- **REQUIRED WORK**
Look below for the line containing "Kasus Pengeroyokan Anak"; from there, print each line exactly up to and including the line containing "Fred Raspail", and stop.
INPUT MATERIAL section start
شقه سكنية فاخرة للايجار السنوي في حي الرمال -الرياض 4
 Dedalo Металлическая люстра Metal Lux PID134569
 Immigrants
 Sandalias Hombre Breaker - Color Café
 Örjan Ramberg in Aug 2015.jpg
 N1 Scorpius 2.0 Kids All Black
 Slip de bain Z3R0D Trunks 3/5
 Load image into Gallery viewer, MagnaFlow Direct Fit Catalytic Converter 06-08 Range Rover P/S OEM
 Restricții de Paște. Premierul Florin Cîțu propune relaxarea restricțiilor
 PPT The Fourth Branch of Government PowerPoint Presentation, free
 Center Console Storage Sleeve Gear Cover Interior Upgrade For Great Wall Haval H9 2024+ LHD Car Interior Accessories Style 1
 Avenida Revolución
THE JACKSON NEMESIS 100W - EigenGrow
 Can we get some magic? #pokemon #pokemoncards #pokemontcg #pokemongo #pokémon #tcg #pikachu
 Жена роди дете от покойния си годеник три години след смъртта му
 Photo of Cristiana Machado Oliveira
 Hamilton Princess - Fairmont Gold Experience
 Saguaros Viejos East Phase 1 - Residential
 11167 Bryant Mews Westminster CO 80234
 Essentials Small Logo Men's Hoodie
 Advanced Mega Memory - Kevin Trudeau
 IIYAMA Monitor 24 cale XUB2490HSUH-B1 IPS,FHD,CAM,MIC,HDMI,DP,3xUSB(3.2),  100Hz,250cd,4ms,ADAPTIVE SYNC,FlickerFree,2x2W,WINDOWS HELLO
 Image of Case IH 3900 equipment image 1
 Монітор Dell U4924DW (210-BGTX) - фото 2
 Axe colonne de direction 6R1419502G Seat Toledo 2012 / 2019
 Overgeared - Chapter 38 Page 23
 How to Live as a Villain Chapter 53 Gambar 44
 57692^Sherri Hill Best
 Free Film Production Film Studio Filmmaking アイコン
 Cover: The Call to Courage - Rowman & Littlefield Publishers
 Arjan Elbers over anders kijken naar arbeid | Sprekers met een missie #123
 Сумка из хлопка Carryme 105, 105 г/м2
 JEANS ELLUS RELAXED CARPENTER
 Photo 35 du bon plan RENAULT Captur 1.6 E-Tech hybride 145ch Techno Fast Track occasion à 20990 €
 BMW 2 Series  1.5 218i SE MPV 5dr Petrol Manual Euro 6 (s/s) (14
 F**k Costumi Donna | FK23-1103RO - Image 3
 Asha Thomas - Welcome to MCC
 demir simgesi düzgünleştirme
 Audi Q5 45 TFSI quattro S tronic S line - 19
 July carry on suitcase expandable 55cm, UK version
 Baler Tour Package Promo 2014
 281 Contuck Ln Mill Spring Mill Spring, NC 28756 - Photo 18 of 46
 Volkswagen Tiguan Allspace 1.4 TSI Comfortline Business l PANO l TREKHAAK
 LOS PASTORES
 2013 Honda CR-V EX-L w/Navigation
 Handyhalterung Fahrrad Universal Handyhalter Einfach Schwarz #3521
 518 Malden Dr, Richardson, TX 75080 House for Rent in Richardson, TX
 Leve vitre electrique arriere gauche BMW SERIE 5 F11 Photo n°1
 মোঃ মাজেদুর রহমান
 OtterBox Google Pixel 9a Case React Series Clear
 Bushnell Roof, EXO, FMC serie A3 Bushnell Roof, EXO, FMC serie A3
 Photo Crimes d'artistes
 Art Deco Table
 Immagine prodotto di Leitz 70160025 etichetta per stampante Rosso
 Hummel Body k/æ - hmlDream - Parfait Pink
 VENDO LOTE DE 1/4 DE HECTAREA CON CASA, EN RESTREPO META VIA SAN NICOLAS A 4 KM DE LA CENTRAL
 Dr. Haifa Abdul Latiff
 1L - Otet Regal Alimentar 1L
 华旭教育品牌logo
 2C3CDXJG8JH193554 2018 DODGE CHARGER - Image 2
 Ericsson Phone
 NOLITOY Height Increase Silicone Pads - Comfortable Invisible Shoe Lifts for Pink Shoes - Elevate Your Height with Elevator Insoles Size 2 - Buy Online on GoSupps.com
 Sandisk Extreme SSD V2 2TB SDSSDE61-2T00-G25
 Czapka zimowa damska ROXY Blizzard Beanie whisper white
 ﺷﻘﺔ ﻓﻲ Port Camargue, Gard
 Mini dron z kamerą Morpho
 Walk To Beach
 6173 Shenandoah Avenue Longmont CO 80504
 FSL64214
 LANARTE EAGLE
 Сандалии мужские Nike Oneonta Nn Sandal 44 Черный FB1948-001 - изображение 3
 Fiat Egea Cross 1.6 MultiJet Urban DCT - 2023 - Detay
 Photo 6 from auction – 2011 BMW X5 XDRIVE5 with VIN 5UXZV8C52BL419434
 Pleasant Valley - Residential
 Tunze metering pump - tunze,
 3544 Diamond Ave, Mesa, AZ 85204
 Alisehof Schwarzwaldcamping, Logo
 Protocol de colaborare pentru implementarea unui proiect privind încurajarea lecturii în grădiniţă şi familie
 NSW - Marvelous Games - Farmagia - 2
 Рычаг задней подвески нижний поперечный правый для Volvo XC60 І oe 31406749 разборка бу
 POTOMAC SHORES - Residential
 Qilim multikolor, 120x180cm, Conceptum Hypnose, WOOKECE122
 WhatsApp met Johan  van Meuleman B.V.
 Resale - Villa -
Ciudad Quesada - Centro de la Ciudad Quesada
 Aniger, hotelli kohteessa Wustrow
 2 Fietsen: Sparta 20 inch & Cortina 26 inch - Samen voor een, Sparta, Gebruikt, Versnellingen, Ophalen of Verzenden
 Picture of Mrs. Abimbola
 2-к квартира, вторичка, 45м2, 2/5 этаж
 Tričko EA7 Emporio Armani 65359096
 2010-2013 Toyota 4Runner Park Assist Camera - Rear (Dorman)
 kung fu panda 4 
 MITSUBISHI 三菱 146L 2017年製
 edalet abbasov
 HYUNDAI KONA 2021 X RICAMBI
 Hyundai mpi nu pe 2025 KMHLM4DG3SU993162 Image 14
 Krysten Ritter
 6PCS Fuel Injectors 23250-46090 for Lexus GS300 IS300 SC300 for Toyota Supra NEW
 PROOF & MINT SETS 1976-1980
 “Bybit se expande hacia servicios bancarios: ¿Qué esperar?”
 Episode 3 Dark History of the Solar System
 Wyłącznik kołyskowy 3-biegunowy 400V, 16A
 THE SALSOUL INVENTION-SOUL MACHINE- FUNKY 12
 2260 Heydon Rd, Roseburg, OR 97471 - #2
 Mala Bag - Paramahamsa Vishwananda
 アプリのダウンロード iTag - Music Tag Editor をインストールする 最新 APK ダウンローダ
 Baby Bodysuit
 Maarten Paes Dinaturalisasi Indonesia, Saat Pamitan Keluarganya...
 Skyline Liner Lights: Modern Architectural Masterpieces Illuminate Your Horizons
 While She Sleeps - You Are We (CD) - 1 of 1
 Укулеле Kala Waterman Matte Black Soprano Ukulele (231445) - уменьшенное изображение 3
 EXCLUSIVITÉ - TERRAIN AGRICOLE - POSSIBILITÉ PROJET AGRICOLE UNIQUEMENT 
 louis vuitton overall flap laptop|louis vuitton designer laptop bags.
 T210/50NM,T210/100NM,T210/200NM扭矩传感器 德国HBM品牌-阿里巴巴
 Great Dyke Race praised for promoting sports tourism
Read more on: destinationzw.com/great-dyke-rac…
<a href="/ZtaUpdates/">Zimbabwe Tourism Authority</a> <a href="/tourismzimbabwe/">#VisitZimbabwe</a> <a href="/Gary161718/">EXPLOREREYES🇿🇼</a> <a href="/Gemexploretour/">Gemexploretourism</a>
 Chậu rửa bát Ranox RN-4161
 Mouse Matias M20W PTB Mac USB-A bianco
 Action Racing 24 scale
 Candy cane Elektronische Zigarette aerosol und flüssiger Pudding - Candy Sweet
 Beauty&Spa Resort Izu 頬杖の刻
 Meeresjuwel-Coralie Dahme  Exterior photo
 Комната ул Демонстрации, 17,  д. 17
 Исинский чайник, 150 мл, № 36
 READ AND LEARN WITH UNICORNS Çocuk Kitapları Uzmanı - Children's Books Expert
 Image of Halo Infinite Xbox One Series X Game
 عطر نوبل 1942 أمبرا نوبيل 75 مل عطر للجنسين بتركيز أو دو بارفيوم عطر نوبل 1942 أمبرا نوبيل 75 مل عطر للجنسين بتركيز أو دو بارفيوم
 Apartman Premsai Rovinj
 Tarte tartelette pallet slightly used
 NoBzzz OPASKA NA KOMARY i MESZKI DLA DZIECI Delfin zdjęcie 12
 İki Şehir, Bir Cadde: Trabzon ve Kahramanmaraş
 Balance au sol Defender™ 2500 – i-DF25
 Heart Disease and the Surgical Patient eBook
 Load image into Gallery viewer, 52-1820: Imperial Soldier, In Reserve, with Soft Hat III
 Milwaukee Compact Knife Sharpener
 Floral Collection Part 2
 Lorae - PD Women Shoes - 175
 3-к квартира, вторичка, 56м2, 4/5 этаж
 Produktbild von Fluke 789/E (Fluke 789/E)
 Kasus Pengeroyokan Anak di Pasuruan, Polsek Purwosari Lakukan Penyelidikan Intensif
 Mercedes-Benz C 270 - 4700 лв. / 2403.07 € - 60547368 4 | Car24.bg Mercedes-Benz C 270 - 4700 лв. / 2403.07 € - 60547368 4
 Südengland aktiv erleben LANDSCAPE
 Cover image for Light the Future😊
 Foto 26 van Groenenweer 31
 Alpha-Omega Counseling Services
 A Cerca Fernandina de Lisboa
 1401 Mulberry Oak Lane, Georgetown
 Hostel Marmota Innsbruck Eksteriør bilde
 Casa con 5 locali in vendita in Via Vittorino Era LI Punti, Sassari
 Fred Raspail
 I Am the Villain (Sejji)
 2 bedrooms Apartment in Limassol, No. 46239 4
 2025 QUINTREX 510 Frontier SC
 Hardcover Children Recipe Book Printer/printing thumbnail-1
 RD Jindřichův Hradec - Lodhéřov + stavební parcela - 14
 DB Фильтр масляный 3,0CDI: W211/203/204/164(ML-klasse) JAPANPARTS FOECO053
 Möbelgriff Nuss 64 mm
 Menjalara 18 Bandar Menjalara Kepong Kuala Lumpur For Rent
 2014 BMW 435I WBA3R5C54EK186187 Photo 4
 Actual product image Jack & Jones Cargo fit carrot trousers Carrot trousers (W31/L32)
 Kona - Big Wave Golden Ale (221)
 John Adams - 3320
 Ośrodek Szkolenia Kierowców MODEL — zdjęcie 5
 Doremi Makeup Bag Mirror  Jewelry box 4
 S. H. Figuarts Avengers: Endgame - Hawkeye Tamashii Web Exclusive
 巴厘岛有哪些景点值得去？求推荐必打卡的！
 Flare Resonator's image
INPUT MATERIAL section end
- **OUTPUT FOR THIS TASK**
 Kasus Pengeroyokan Anak di Pasuruan, Polsek Purwosari Lakukan Penyelidikan Intensif
 Mercedes-Benz C 270 - 4700 лв. / 2403.07 € - 60547368 4 | Car24.bg Mercedes-Benz C 270 - 4700 лв. / 2403.07 € - 60547368 4
 Südengland aktiv erleben LANDSCAPE
 Cover image for Light the Future😊
 Foto 26 van Groenenweer 31
 Alpha-Omega Counseling Services
 A Cerca Fernandina de Lisboa
 1401 Mulberry Oak Lane, Georgetown
 Hostel Marmota Innsbruck Eksteriør bilde
 Casa con 5 locali in vendita in Via Vittorino Era LI Punti, Sassari
 Fred Raspail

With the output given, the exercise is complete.